▶ PROBLEM: Starting at the line that contains "1:87 H0 Decals", write out every line through the last one in the records below, word for word. Leave out any pictures.

▶ EXTRACTED MATERIAL:
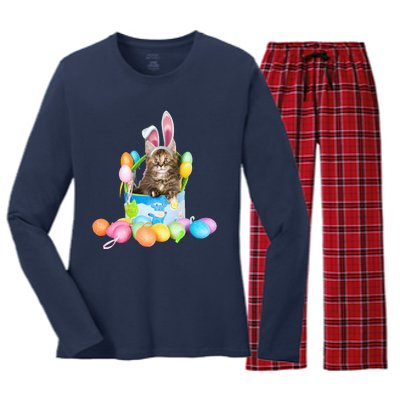 Happy Easter Cute Bunny Cat Eggs Basket Maine Coon Kitten Women's Long Sleeve Flannel Pajama Set 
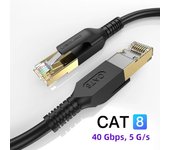 UGOURD Ethernet Cable Cat 8 Network Internet Lan RJ45 CAT8 Cable Round Gold Plated 40Gbps 2000MHz for Router Modem Laptop PS 5/4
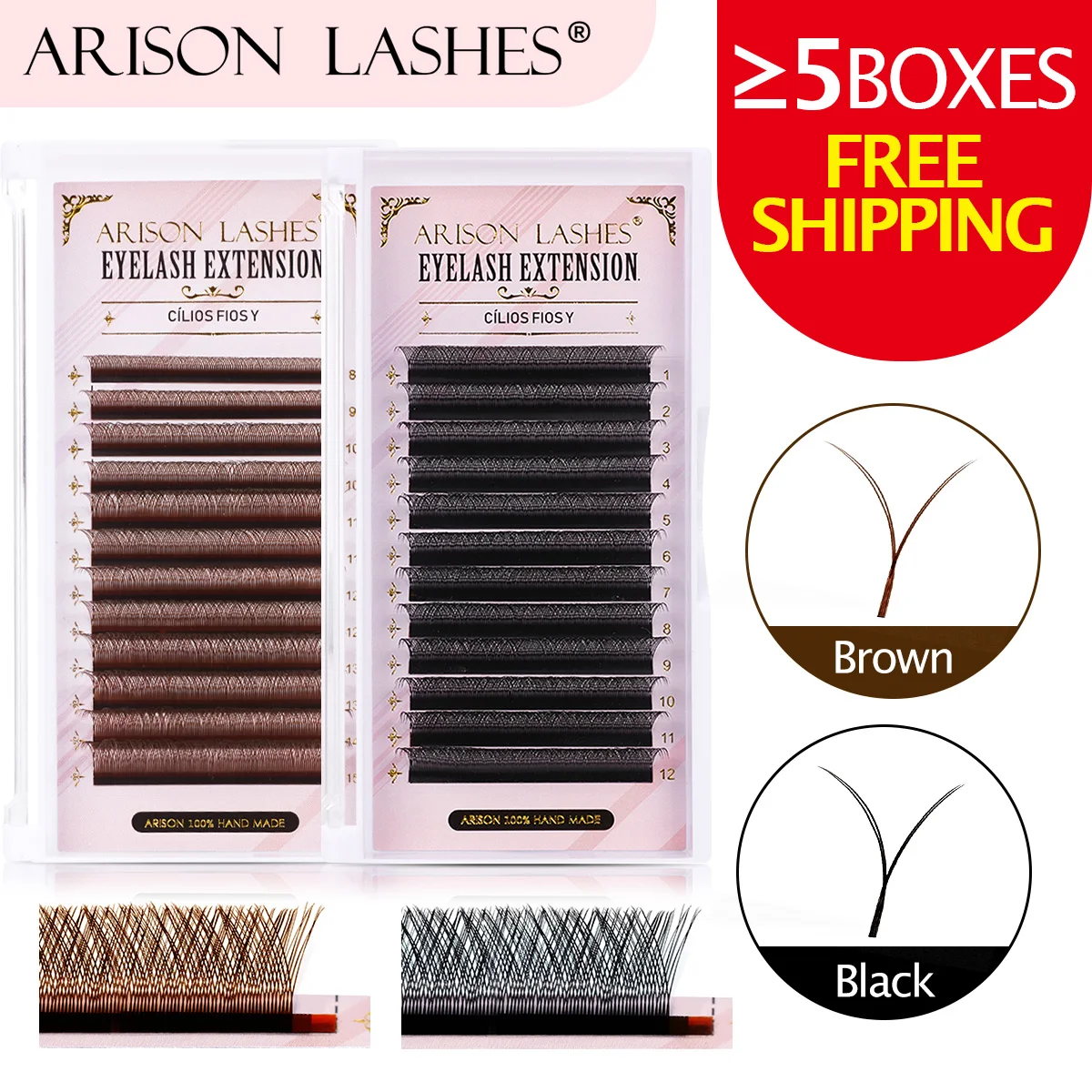 ARISON YY Lashes Black Brown Soft Invividual Eyelashes Y Shape Volume Eyelash Extension Double Tip Eye Lash Cilios YY Wholesale-animated-img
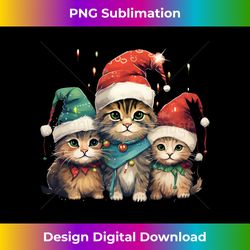 funny kittens christmas shirt xmas tree lights xmas cat long slee - timeless png sublimation download - reimagine your sublimation pieces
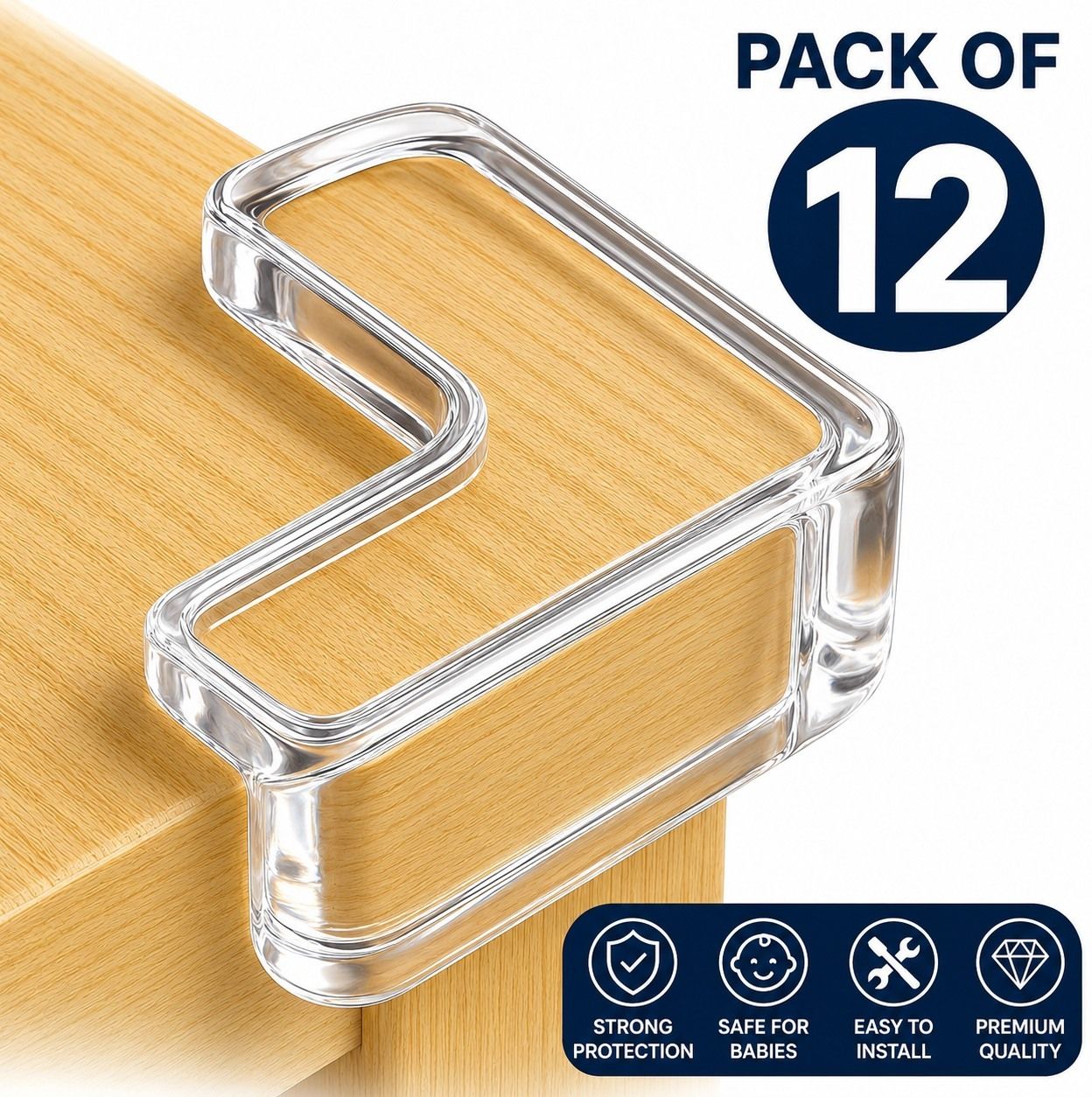 12 PCS Transparent Silicone Corner Protectors for Kids Safety Table-image-35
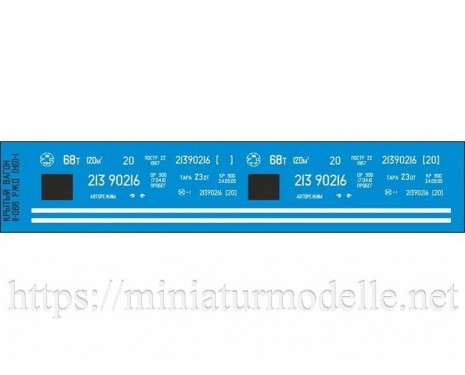 1:87 H0 Decals for single door wood box car 11-066, RZD, 5 era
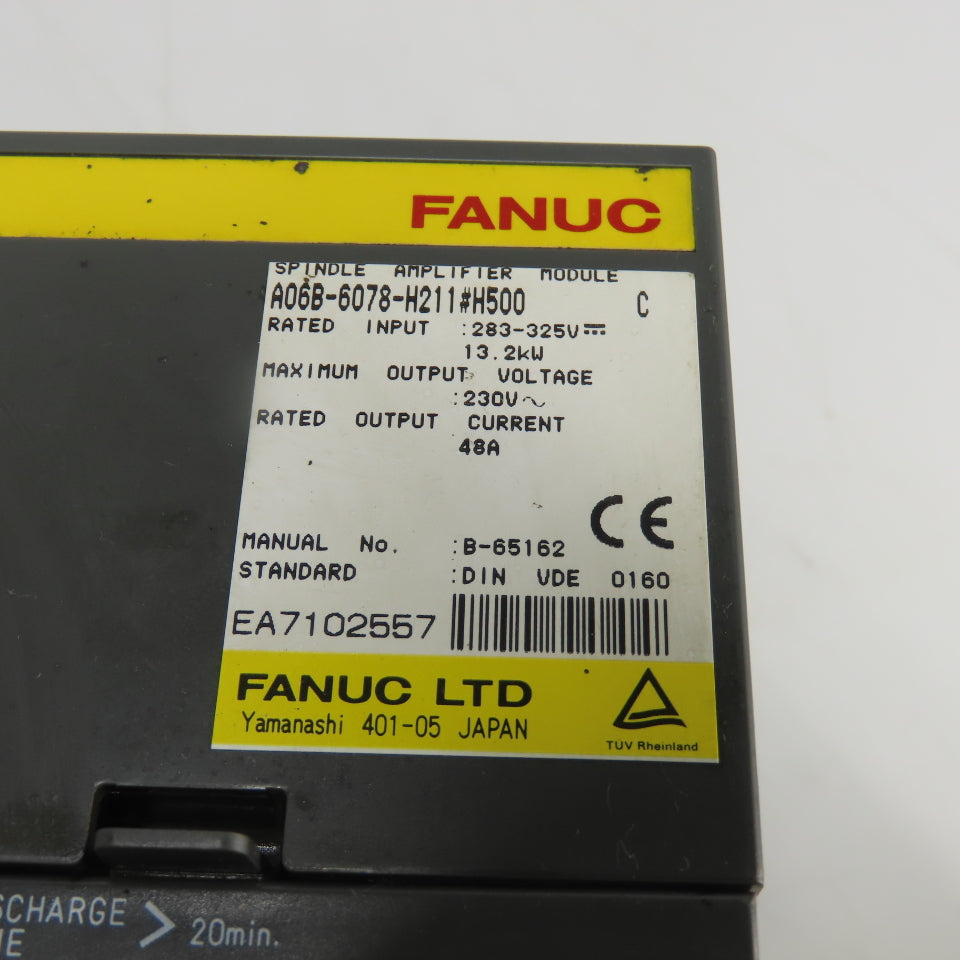 Fanuc A06B-6078-H211#H500 Spindle Amplifier Module 13.2kW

▶ SOLVED PROBLEM:
 1:87 H0 Decals for single door wood box car 11-066, RZD, 5 era
 Fanuc A06B-6078-H211#H500 Spindle Amplifier Module 13.2kW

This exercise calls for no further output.